Duke postponed a final decision in the case of Honduras in order to learn more information, automatically extending the current temporary permits for Hondurans in the U.S. for six months, until July 5, 2018. The department's announcement came 60 days before the programs for both countries were slated to expire on January 5, 2018.
Sonia Paz came to this country looking for opportunity and believes that she has found it. That was more than 20-years ago.
Fleeing poverty in her native Honduras, she came here illegally, later achieved ''Temporary Permanent Status'' under a program began by the George H.W. Bush administration, to provide a safe place for people whose countries were disrupted by natural disasters, civil wars or other strife.

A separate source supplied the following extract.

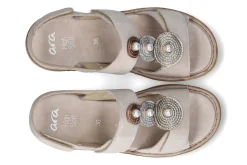 Sandalen met sleehak ARA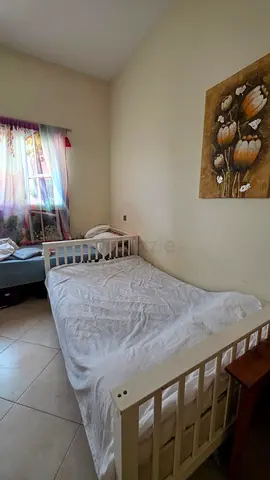 Two single beds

Others came from Nicaragua, El Salvador, Haiti, even Syria. But the Trump administration has already decided to end the program for Nicaraguans, saying the country has recovered from the devastating Hurricane used to justify the program back in the 90's. "TPS is very important for everybody to have it'' she told me on the streets near downtown Los Angeles.
Sonia attended a rally with immigration rights activists trying to make sure the administration keeps TPS alive. "Nicaragua is like Honduras'', she said '' we are one country, we are like brothers and sisters we need to be united. ''
This is a program that many on the outside of those from the affected countries have not even heard of, but you'll be hearing a lot about it now, another battle for the Trump administration.

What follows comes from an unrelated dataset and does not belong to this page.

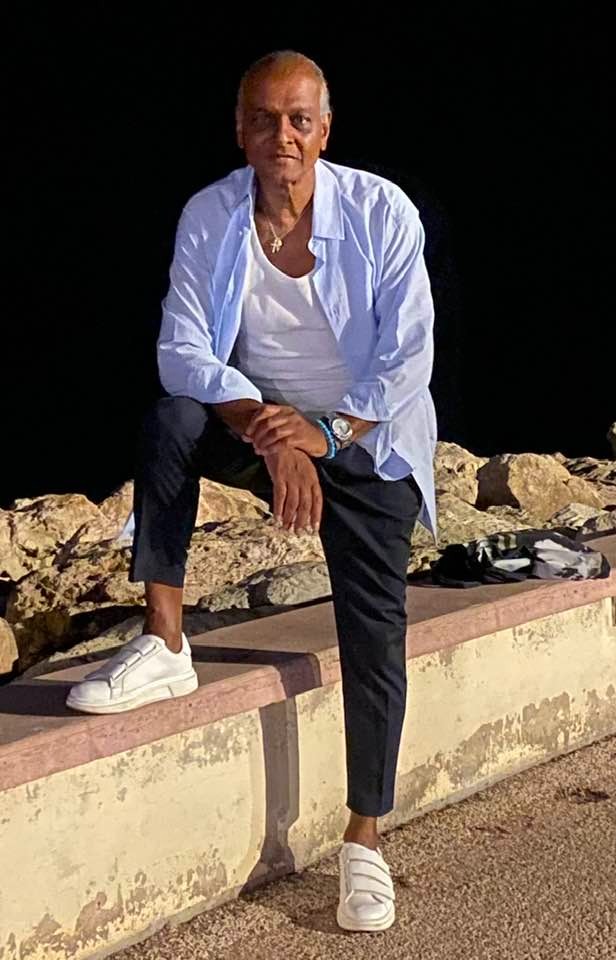 photo portrait Fizal Khan - Conseil en Image et Relooking homme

The TPS program currently covers 435,000 people from 9 countries ravaged by natural disasters or war and who came to the U.S. --legally or otherwise-- during the period their countries were covered by the presidential decree.
While the status was meant to be temporary, it was repeatedly renewed by the Bush and Obama administrations over concerns that the countries could not cope with the repatriation of so many people, former residents.
Since taking office, Trump has ended the temporary permit program for Sudan and issued a shorter-than-usual renewal for nearly 60,000 Haitians, who were designated for temporary permits after the devastating 2010 earthquake.
Immigrants from Honduras and Nicaragua have been able to renew their temporary permits every 18 months since 1999, when both countries were given TPS status by the Clinton administration due to destruction from Hurricane Mitch a year earlier.
The Congressional Research Service said this month that only 57,000 people from Honduras and 2,550 from Nicaragua were expected to renew their TPS status.